*What needs to be done*.
Below are records to return verbatim; the pictures are to be dropped.

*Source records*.

....................

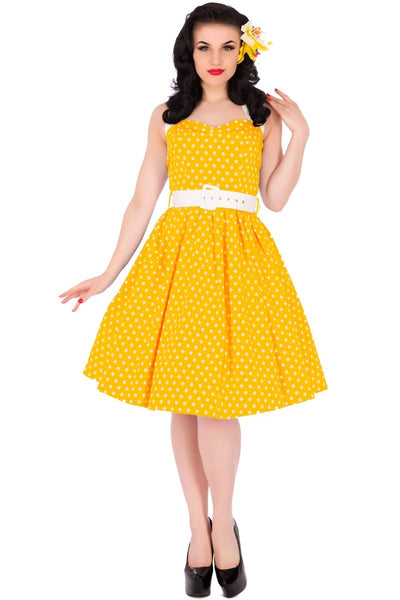Model wearing halterneck retro dress in yellow polka dot print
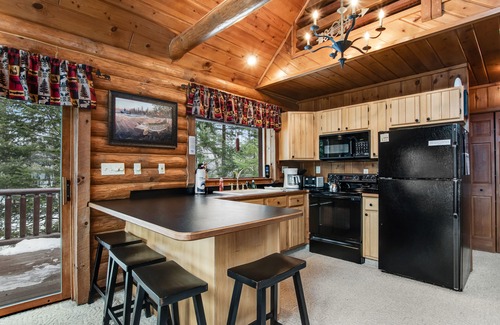 Presque Isle Cabin | Spacious and beautiful lakefront log home on 7 acres with private dock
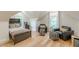 Cozy bedroom featuring hardwood floors, natural light, and comfortable furnishings at 6394 Wood Valley Rd, Douglasville, GA 30134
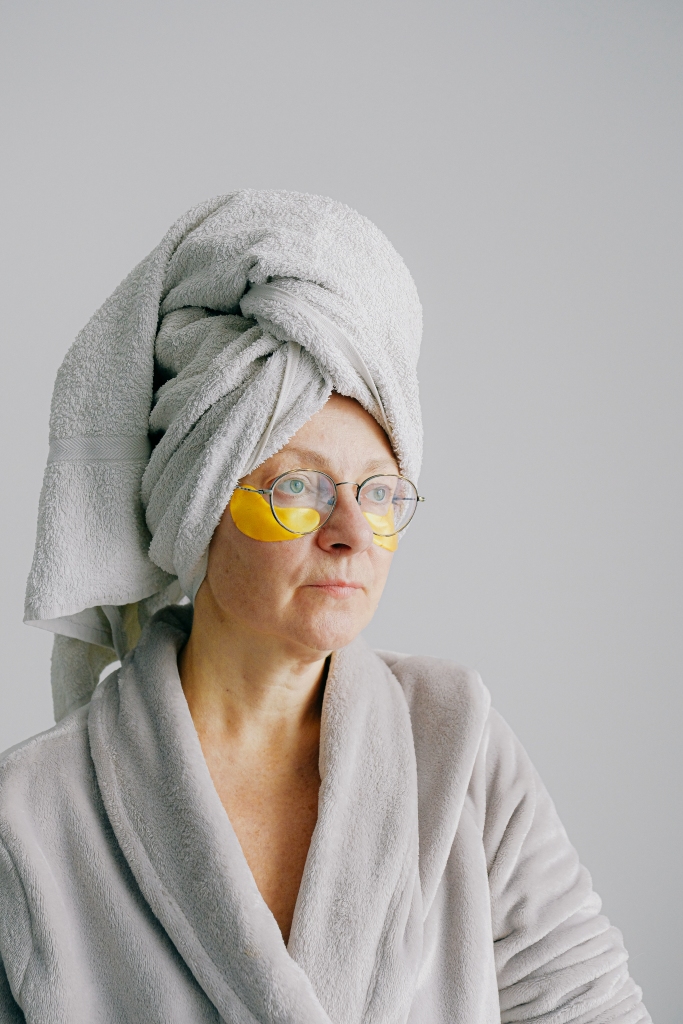 An older woman wearing undereye masks and a towel around her head.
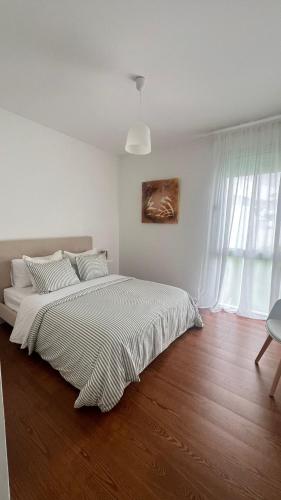 a white bedroom with a bed and a wooden floor at City Center House - Azure Waters in Ribeira Grande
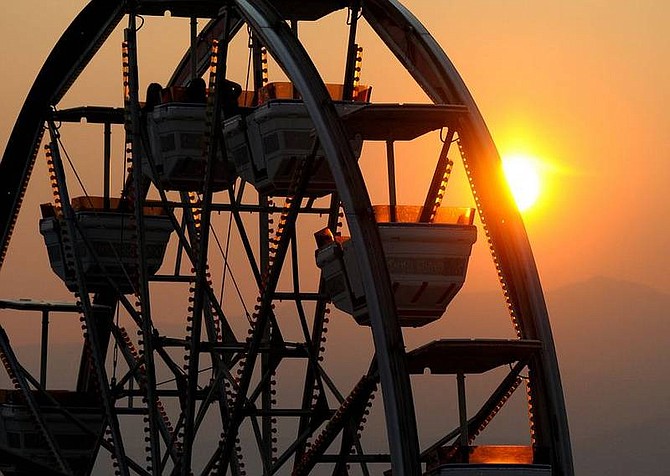 Kevin Clifford/Nevada AppealThe sun sets behind the ferris wheel at the Reno Rodeo on Monday. Smoke from the California fires has caused the sun to appear bright orange and red during sunrises and sunsets.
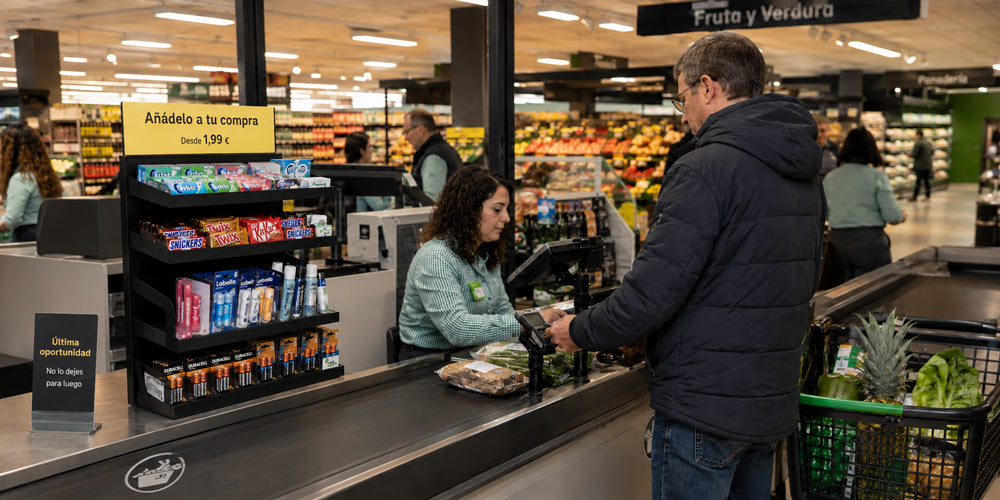 Expositor de impulso junto a la caja del supermercado con productos pequeños para añadir a la compra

....................

*Response to the exercise*.
Model wearing halterneck retro dress in yellow polka dot print
 Presque Isle Cabin | Spacious and beautiful lakefront log home on 7 acres with private dock
 Cozy bedroom featuring hardwood floors, natural light, and comfortable furnishings at 6394 Wood Valley Rd, Douglasville, GA 30134
 An older woman wearing undereye masks and a towel around her head.
 a white bedroom with a bed and a wooden floor at City Center House - Azure Waters in Ribeira Grande
 Kevin Clifford/Nevada AppealThe sun sets behind the ferris wheel at the Reno Rodeo on Monday. Smoke from the California fires has caused the sun to appear bright orange and red during sunrises and sunsets.
 Expositor de impulso junto a la caja del supermercado con productos pequeños para añadir a la compra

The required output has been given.